_EXCERPTED DATA:_
● ● ● ● ●

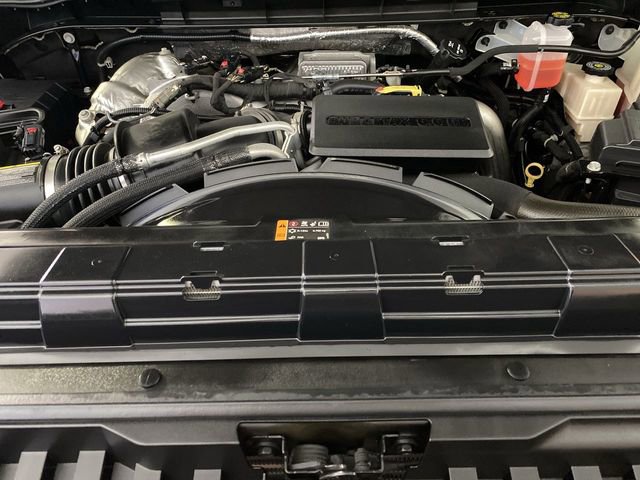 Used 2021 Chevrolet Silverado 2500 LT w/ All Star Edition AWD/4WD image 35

● ● ● ● ●

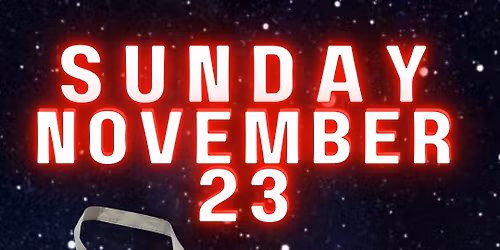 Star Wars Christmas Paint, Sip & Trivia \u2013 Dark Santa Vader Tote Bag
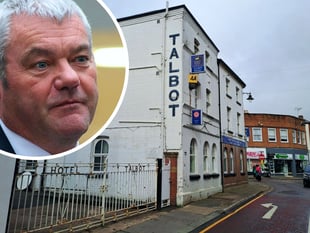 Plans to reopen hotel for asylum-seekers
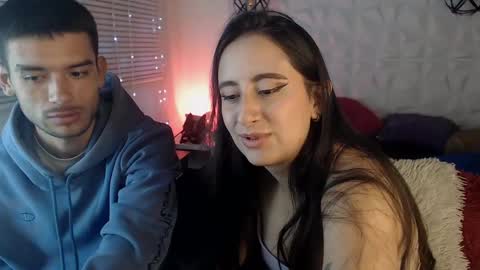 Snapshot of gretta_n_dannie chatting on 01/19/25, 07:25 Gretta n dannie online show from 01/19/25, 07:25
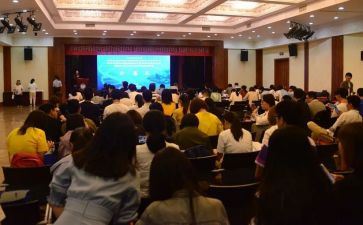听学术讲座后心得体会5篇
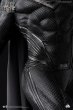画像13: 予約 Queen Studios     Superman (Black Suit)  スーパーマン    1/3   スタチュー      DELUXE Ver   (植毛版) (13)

● ● ● ● ●

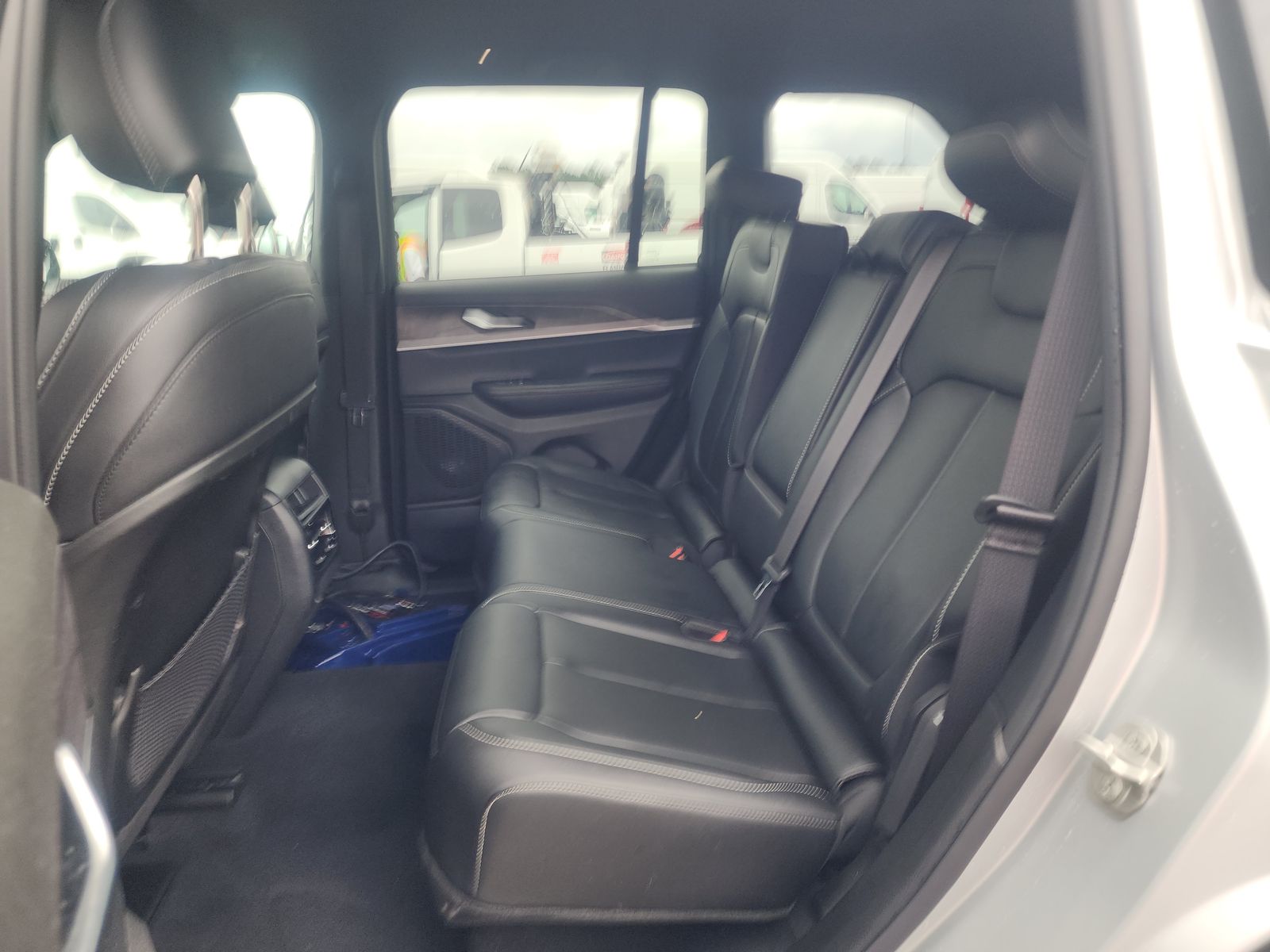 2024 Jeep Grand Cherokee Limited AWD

● ● ● ● ●

Copy only this from above: the line containing "Plans to reopen hotel for asylum-seekers", the line containing "画像13: 予約 Queen", and all lines between, printed exactly. Leave out the pictures.

_FINISHED TASK:_
 Plans to reopen hotel for asylum-seekers
 Snapshot of gretta_n_dannie chatting on 01/19/25, 07:25 Gretta n dannie online show from 01/19/25, 07:25
听学术讲座后心得体会5篇
画像13: 予約 Queen Studios     Superman (Black Suit)  スーパーマン    1/3   スタチュー      DELUXE Ver   (植毛版) (13)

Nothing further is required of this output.